I think he was joking


----------



## intel igent (Nov 18, 2007)

whats the fear with using ELECTRICAL TAPE?


----------



## Necrofire (Nov 19, 2007)

First of all, the wires were too short to move anywhere near other metal.
Second of all, electric tape doesn't last very long, especially in hot areas, the sticky gets everywhere. Electric tape likes to come apart.


----------



## intel igent (Nov 19, 2007)

Necrofire said:


> Second of all, electric tape doesn't last very long, especially in hot areas, the sticky gets everywhere. Electric tape likes to come apart.



thats cuz u use budget tape  with good electrical tape you wont have that. yes there is good tape and bad tape.

you could always try liquid electrical tape


----------



## Necrofire (Nov 20, 2007)

intel igent said:


> thats cuz u use budget tape  with good electrical tape you wont have that. yes there is good tape and bad tape.
> 
> you could always try liquid electrical tape



Liquid electric tape is god's tape. That stuff is awesome.
The glue stuff that's on electric tape isn't meant to handle long periods of high temps, regardless of the type of tape, or its quality. The 'good' tape may last longer, but it still gets all funky after a while.


----------



## TWOJZ (Nov 20, 2007)

this thread got long without actually going anywhere  lol

I'll go find pics of my massively hacked powersupply.


----------



## bryan_d (Nov 21, 2007)

Necrofire said:


> Liquid electric tape is god's tape. That stuff is awesome.

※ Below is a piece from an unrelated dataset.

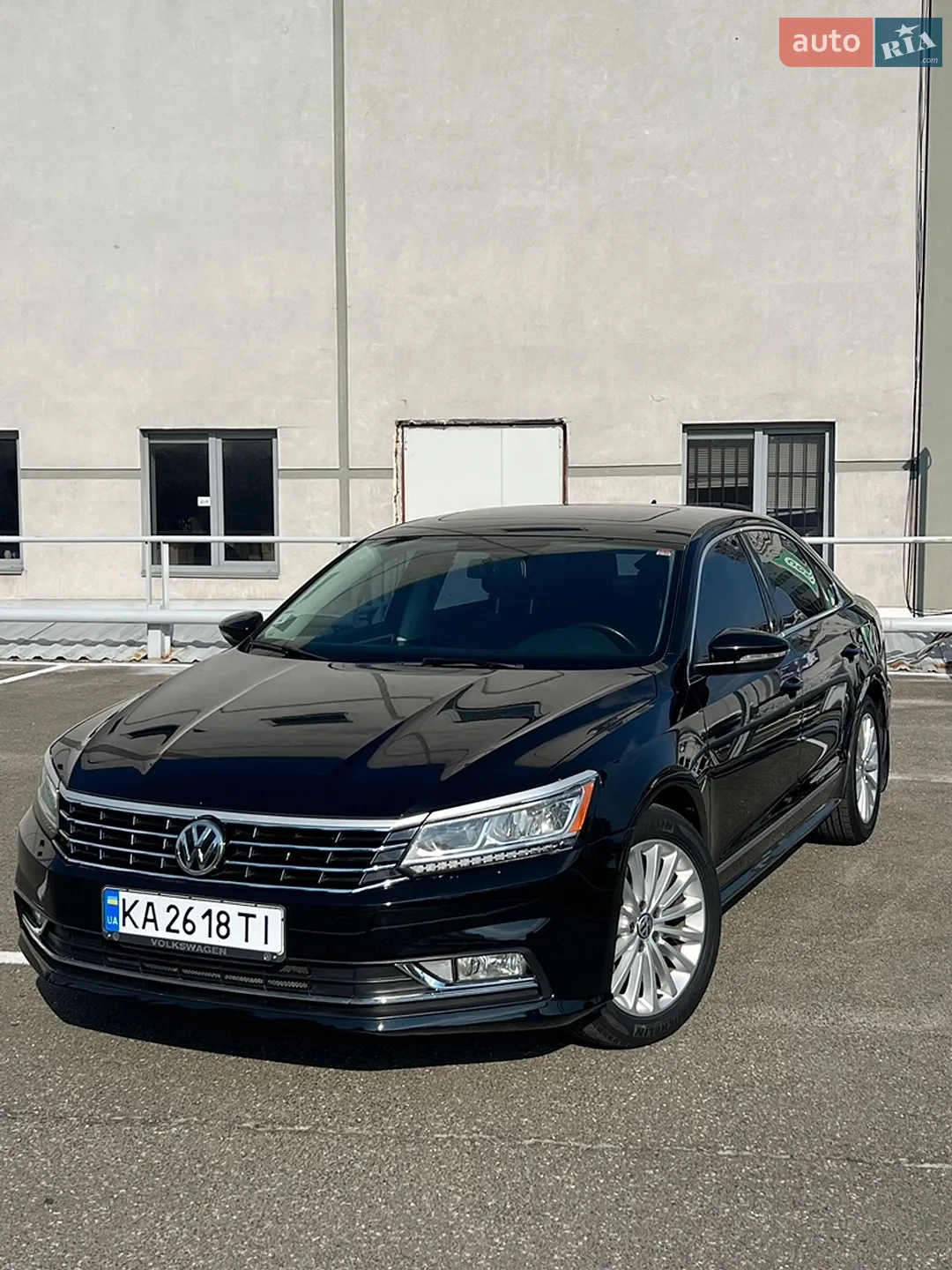 2016 Volkswagen Passat - мініатюра 5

Just don't use "god's tape" indoors... unless you want to get a glimpse of him/her in short time.

I too have been playing with the idea of modifying some power supply's into a modular design, but not for wire managements sake, but as a quick method of checking my 12v line and 5 volt lines.

I am very curious to see the results with the OP's pictures.

bryan d


----------